=== Problem to work on ===
Each line of the data below holding the word "Sharara" must be copied.

◆ ◆ ◆

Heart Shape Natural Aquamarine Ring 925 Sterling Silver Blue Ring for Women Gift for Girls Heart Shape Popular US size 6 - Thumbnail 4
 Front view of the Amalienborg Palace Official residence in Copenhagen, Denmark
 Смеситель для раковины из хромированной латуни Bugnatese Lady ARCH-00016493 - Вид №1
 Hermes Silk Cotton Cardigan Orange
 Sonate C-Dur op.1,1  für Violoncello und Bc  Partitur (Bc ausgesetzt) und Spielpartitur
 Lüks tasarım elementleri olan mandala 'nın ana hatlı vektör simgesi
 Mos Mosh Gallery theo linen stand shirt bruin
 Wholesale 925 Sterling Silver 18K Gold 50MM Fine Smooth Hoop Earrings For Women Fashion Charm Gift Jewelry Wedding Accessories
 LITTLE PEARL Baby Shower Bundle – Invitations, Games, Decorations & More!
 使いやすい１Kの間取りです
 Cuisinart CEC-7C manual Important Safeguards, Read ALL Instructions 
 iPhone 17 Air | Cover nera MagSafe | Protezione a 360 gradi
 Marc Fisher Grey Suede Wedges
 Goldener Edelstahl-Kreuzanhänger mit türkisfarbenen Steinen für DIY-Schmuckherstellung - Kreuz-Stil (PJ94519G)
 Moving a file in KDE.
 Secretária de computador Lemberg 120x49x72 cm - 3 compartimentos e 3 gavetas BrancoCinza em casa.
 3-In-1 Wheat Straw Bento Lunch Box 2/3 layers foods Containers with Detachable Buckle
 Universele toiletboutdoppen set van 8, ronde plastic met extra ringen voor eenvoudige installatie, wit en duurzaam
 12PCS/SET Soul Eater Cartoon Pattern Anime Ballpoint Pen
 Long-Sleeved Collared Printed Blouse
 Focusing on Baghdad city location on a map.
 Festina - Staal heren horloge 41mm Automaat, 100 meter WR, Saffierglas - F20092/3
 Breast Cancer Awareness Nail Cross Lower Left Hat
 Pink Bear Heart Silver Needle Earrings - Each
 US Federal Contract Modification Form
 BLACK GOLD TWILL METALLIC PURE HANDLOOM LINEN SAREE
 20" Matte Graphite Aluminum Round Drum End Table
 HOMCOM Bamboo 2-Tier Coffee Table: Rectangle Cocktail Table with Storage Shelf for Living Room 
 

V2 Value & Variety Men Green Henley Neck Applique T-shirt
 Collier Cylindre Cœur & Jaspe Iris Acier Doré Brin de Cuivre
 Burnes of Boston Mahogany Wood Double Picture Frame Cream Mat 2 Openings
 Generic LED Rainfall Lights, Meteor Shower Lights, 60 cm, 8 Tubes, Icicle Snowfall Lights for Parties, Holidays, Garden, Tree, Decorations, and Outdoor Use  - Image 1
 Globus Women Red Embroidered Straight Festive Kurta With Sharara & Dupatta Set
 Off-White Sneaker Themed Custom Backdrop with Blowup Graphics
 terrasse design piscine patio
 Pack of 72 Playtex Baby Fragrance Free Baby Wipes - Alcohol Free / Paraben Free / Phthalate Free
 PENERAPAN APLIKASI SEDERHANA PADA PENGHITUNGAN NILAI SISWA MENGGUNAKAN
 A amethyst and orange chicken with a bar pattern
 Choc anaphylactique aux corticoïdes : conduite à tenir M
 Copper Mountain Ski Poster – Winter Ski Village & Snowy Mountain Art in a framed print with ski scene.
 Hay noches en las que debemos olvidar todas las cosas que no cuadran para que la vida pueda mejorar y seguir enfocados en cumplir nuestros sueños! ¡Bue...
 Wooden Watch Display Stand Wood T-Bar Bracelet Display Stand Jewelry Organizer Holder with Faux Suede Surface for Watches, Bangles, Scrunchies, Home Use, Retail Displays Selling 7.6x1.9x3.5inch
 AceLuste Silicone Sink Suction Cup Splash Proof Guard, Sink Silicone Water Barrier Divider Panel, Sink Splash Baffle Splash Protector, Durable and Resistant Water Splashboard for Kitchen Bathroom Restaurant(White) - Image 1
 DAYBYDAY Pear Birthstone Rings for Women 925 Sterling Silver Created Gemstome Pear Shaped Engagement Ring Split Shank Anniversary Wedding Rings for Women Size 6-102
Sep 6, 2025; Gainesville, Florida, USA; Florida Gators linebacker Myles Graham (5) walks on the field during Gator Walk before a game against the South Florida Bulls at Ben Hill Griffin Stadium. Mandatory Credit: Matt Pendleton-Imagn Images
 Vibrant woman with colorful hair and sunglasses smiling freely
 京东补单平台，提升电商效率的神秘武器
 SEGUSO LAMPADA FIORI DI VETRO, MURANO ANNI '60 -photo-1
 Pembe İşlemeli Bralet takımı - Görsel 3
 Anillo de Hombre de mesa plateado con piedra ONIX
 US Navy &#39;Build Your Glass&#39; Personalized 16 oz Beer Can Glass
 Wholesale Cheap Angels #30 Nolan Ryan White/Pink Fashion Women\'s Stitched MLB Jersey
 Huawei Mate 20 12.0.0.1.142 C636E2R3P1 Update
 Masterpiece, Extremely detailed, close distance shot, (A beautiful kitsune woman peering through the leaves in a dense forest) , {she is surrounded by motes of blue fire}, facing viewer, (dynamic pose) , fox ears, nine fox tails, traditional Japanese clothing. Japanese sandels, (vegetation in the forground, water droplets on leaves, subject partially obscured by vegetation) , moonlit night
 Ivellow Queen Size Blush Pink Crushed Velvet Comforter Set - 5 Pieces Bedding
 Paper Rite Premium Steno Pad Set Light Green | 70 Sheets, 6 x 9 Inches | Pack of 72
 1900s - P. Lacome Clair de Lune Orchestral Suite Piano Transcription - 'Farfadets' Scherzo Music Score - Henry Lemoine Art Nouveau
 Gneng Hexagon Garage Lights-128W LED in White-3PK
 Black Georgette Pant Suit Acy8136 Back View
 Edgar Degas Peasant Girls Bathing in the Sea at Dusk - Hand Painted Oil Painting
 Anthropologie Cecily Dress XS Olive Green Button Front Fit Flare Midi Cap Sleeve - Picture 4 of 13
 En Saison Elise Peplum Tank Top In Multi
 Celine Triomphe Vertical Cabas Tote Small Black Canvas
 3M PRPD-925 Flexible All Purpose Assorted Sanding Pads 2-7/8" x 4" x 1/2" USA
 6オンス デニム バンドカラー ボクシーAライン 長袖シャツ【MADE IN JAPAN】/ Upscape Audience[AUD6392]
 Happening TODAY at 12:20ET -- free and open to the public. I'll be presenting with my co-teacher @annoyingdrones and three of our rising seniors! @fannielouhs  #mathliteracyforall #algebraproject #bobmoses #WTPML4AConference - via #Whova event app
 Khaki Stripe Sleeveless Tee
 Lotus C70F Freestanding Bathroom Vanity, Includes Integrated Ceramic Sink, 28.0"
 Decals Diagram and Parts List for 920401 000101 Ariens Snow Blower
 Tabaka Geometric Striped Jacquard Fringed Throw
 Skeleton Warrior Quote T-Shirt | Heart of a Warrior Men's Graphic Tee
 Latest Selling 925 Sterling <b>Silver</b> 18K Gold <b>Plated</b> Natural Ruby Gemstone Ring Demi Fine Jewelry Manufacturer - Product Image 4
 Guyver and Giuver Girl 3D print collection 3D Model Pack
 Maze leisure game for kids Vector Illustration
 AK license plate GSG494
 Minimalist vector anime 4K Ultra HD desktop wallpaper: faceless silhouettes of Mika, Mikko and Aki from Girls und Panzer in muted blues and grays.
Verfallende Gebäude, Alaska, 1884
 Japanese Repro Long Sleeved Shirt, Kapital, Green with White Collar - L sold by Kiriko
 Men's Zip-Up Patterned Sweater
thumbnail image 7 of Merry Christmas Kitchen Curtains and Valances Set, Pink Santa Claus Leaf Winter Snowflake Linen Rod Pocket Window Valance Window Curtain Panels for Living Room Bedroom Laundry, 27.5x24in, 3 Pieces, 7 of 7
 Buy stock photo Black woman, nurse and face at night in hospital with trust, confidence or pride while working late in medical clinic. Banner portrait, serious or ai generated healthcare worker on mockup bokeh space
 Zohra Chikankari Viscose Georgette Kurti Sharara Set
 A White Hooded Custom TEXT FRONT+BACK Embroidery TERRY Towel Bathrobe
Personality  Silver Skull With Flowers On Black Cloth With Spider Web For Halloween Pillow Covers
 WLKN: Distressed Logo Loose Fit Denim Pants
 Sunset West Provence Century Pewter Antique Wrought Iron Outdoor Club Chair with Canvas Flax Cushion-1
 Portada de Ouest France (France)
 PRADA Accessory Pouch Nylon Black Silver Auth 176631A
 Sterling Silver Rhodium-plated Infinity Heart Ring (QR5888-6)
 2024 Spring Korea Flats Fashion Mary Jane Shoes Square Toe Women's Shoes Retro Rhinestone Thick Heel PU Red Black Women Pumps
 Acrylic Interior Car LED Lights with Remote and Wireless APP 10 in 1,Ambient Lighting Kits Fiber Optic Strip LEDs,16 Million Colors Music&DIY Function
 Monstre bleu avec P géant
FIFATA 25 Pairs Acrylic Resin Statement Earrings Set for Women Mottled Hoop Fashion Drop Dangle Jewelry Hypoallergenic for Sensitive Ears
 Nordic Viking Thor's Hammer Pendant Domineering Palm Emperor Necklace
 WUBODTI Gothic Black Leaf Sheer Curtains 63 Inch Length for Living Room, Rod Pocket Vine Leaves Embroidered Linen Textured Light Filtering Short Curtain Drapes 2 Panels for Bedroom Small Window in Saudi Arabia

◆ ◆ ◆

=== Output ===
 Globus Women Red Embroidered Straight Festive Kurta With Sharara & Dupatta Set
 Zohra Chikankari Viscose Georgette Kurti Sharara Set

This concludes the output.